▸ **Short descriptive text snippets**:
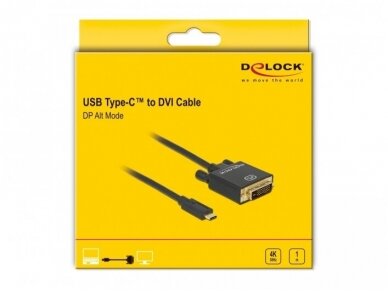 USB-C 3.1 į DVI-D kabelis 1m 4K 30Hz 3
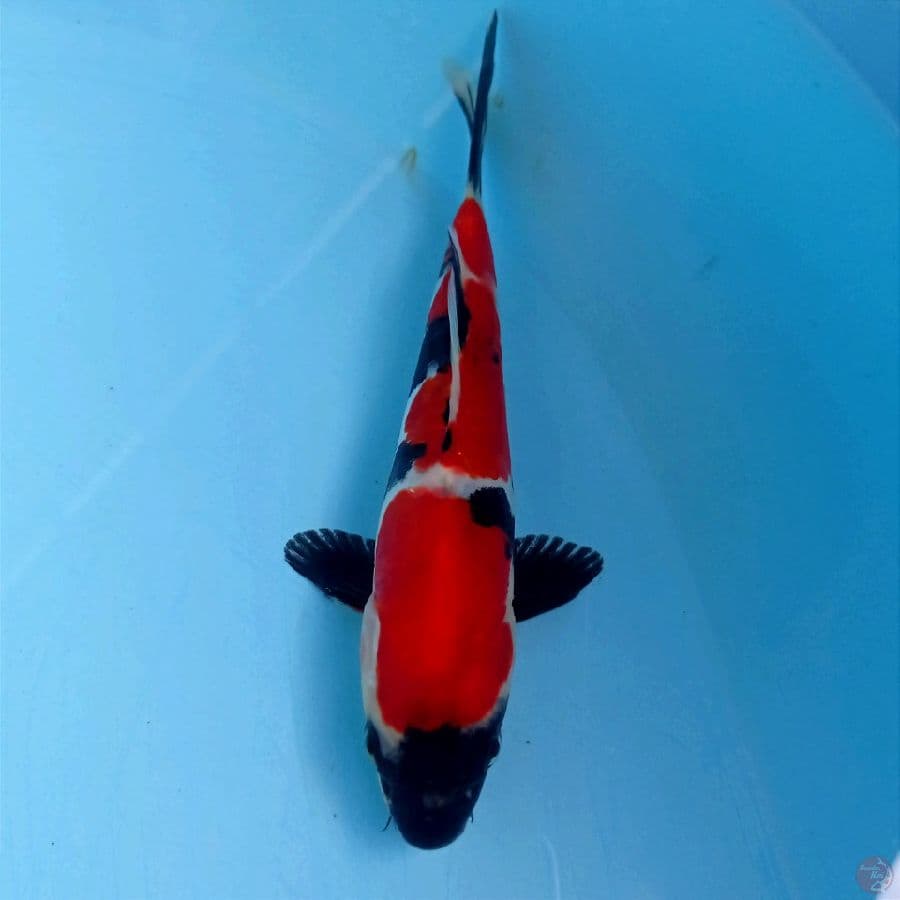showa doitsu, 17 cm
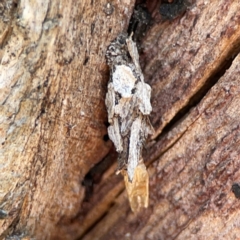 Psychidae (family) IMMATURE (Unidentified case moth or bagworm) at Cuumbeun Nature Reserve - 19 Apr 2024 by Hejor1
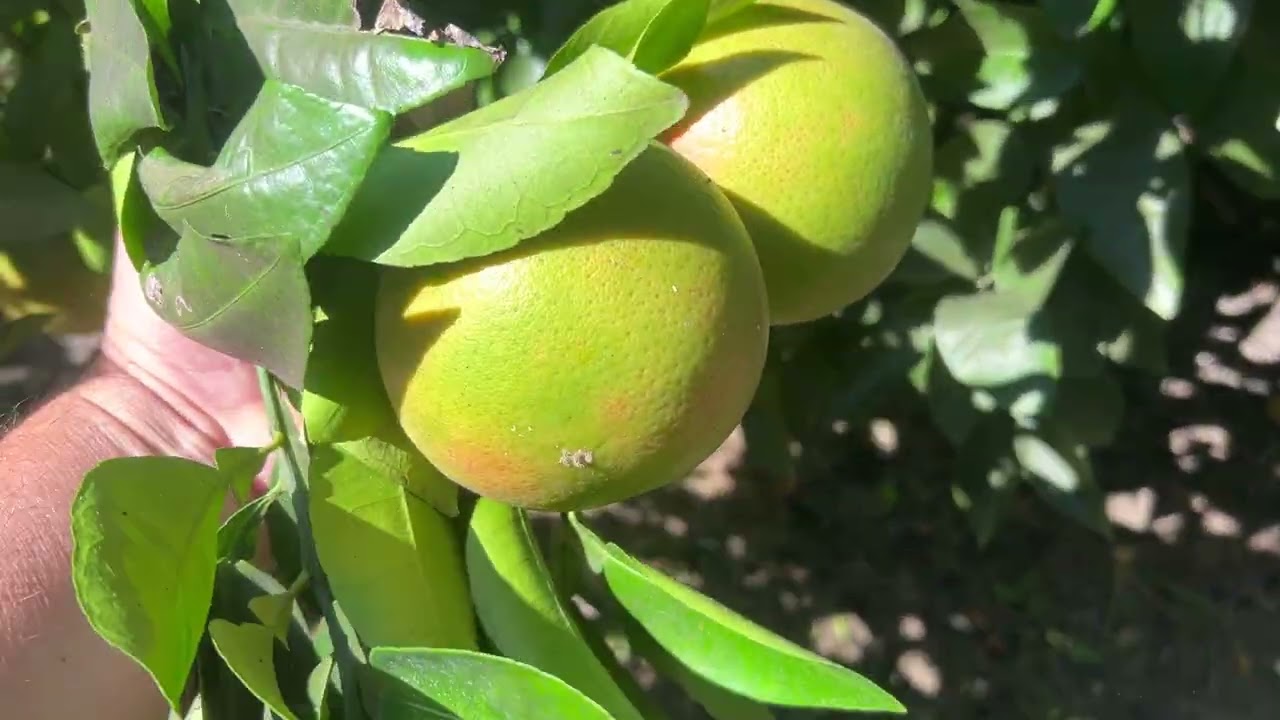 Plum Orchard Tour, September 21st 2025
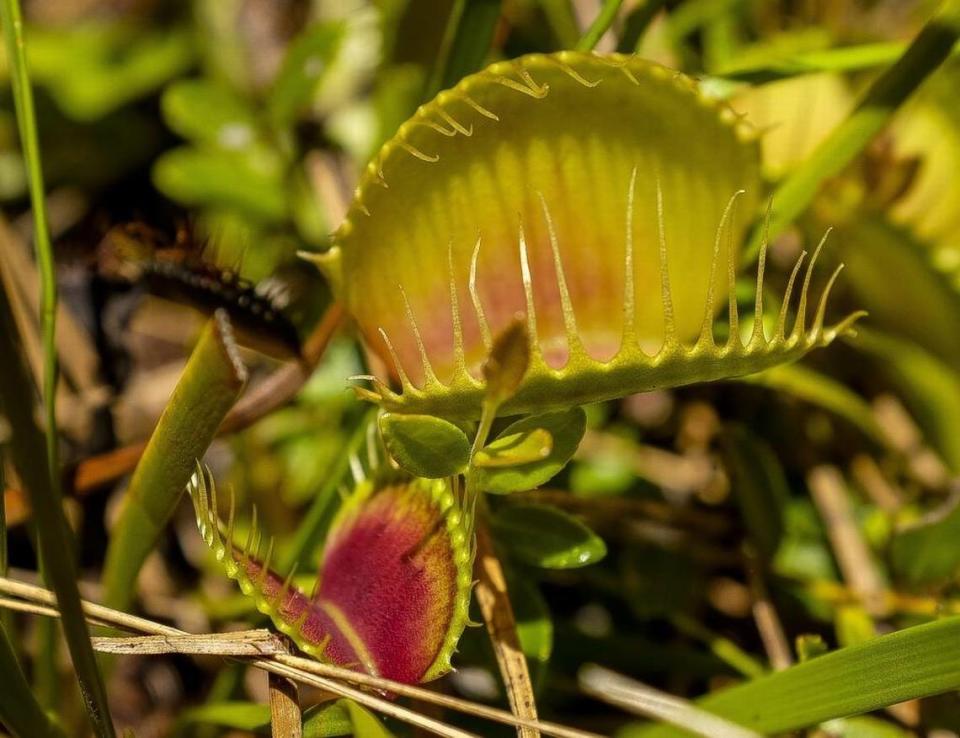 Venus Flytraps, like those found in the Green Swamp of North Carolina, are native to the carolina bays regions of the Carolinas.
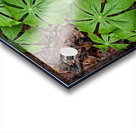 Mayapples 1 Acrylic print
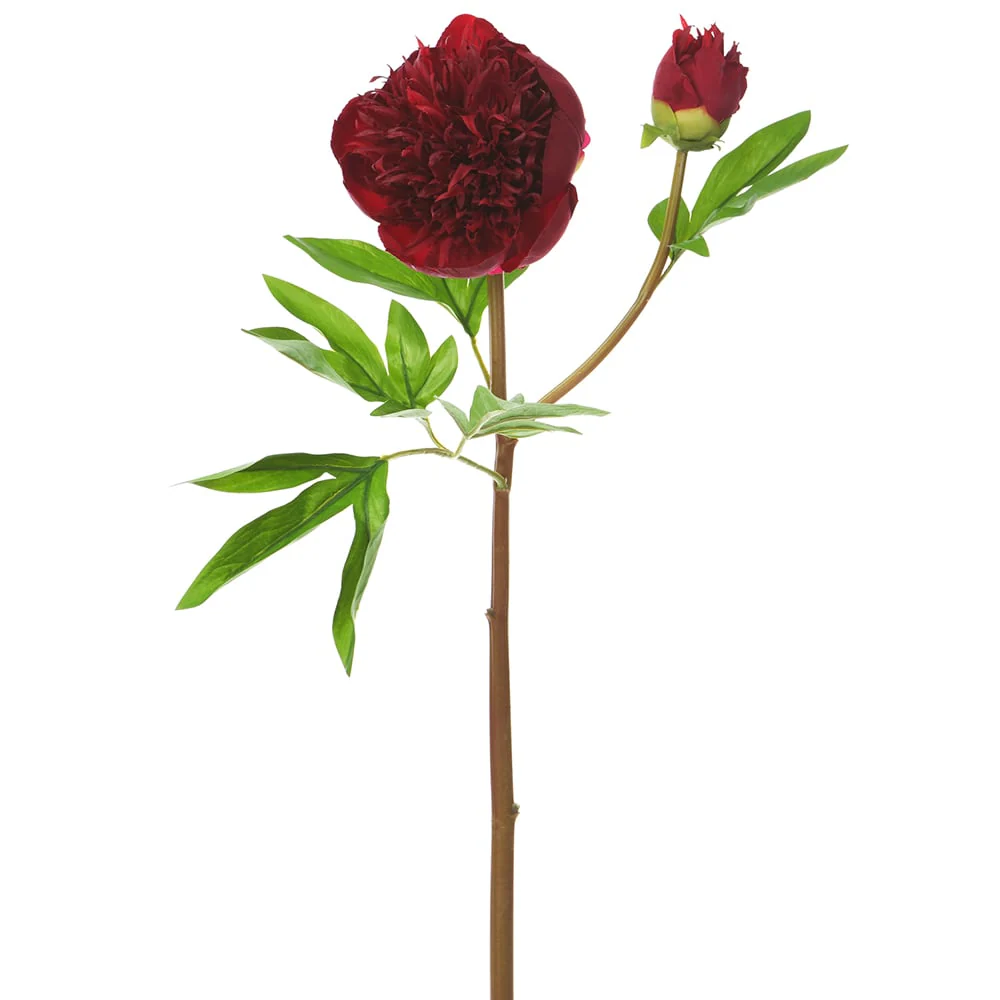 26" Real Touch Silk Peony Flower Stem -Burgundy (Pack of 12)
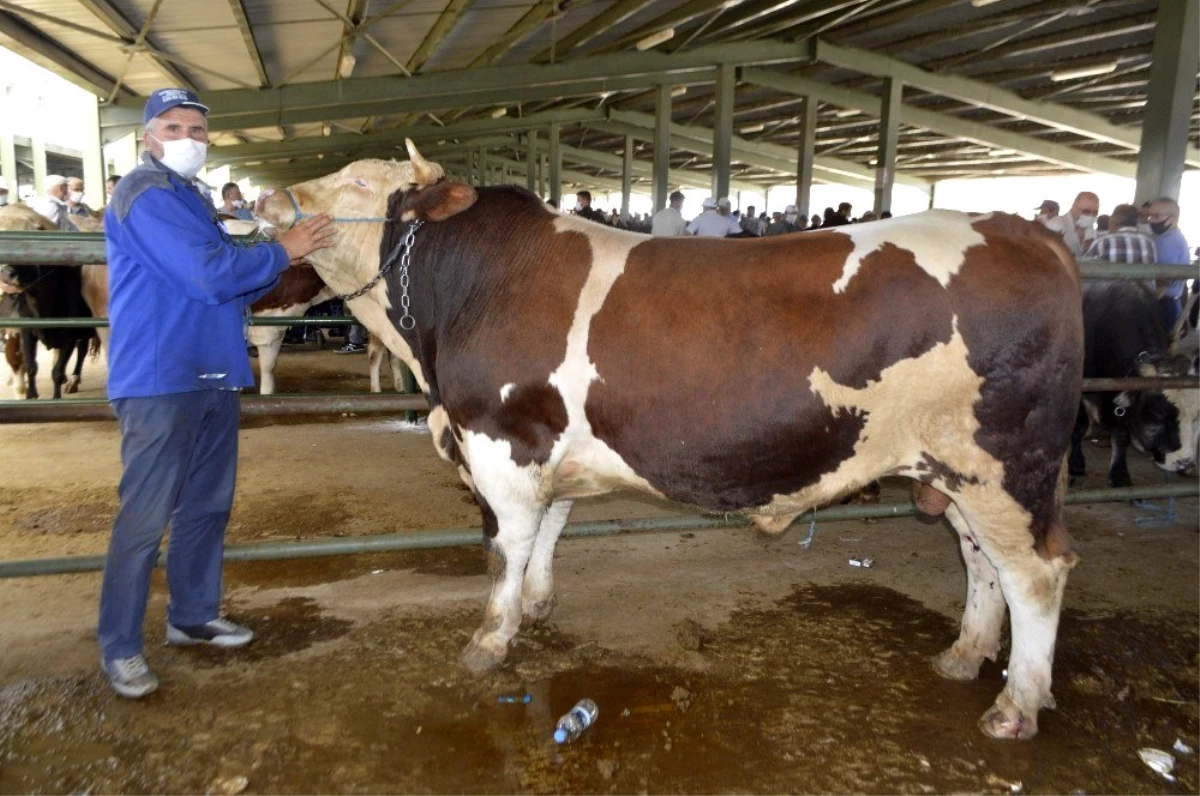 1 ton 100 kiloluk kurbanlık ilgi odağı oldu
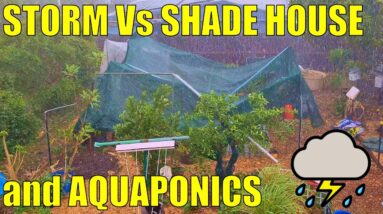 Storm Vs Shade House & Aquaponics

▸ **How to complete this task**:
Set down exactly the lines running from the beginning of the entries above to the line that contains "Plum Orchard Tour, September 21st 2025", including both, and leave out pictures.

▸ **Final answer**:
 USB-C 3.1 į DVI-D kabelis 1m 4K 30Hz 3
showa doitsu, 17 cm
 Psychidae (family) IMMATURE (Unidentified case moth or bagworm) at Cuumbeun Nature Reserve - 19 Apr 2024 by Hejor1
 Plum Orchard Tour, September 21st 2025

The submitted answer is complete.